What remains of the light-toned material on higher ground are flat-topped and steep sided areas of land known as Mesas – the Table Mountains of Mars.

The lives of four lakes – firmly in the Hesperian period

Within the individual basins, which during this period hosted individual lakes due to the significant fall in water levels, the researchers in this study found that the light-toned material contains important minerals. These minerals, known as phyllosilicates, are a group of minerals that include mica, talc and clay.

The team confirmed that the light-toned material in the basins is particularly rich in minerals known as Iron (Fe) and Magnesium (Mg) Phyllosilicates; clear indicators of a body of water. These are present both in the smooth light-toned materials observed on the floors and rims of the basins and in the dramatic knobs of light-toned material which jut up to 600 metres in height from the floors of the Atlantis, Simois and Caralis basins, giving them their chaotic appearance. On the rim of the Simois and the Northern Basin a sequence of Aluminium (Al) Phyllosilicates were also discovered within the smooth light-toned materials lying on top of the other phyllosilicates.

The knobs of light-toned material are perhaps the most telling of the region's geological features. Like the smooth light-toned material this sediment was originally deposited from the air onto the floors and rims of the basins, or carried from the exposed plateaus. As water levels on Mars declined further (Step 3: illustrated in the middle frame) towards the end of the Hesperian period the material in each basin began to crack as it dried and was eventually eroded by the moving waters of the period into these often gigantic monoliths.

The demise of the Martian lakes – the Amazonian period begins

In the Northern Basin, on top of the phyllosilicates, the study confirmed the presence of chloride salts within the smooth light-toned materials that lie in shallow depressions ranging from a few tens of metres to a few kilometres across. The presence of these salts suggest that the individual lakes entered a process of extreme drying at the end of their existence, or even later with the reoccurrence of liquid water in the area. These areas were partly encrusted with salt as water – from rain, snow or ice melt – filled and then evaporated from them. This supports the team's deduction that the isolated lakes were eventually lost via evaporation or infiltration into the ground rather than run off, as outlets through which surface water could have escaped to lower ground have not been found.
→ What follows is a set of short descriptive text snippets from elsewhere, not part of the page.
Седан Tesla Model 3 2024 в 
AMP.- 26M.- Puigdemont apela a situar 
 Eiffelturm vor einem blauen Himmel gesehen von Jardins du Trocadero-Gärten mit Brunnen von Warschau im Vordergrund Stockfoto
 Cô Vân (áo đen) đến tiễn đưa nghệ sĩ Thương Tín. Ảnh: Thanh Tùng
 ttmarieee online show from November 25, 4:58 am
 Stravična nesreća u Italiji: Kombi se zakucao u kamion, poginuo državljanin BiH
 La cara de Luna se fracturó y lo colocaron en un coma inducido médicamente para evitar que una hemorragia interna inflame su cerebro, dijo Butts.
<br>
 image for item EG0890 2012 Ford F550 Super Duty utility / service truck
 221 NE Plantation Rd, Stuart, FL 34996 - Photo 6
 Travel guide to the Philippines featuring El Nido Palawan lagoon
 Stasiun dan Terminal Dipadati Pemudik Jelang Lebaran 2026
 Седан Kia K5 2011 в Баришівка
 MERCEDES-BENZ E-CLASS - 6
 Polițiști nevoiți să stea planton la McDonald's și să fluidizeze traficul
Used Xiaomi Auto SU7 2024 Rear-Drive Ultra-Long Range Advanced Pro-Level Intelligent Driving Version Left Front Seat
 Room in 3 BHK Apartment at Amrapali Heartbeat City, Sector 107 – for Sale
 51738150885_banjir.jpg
Above the light-toned material in its various forms, Solmaz and her team have found two layers of material (Step 4: llustrated in the second frame from the top) thought to have formed early in the Amazonian period, the geological time-frame in which Mars currently finds itself. Both were deposited when the basins were completely dry and provide strong evidence that the smaller lakes that followed the demise of Eridania Lake were wiped away before the Amazonian period began.

One layer is a much more abundant thin layer of dark material which covers the floor of all four basins and caps the knobs of material in the three knobbly-floored basins. The other (Step 5: shown in the top frame) is a thin smooth material which filled the gaps between the knobs in the Atlantis and Caralis basins. The material has cracked as a result either of the rapidly drying landscape or due to potential lava flow cooling, indicating that there was volcanic activity in this period.

The nature of the last units of material mean that they formed after the decline of the Eridania Lake and the smaller lakes that followed. Combining this with knowledge that the light-toned material was shaped by the Eridania Lake’s evolution has led the team to propose that the lakes had disappeared by the time the Amazonian period began.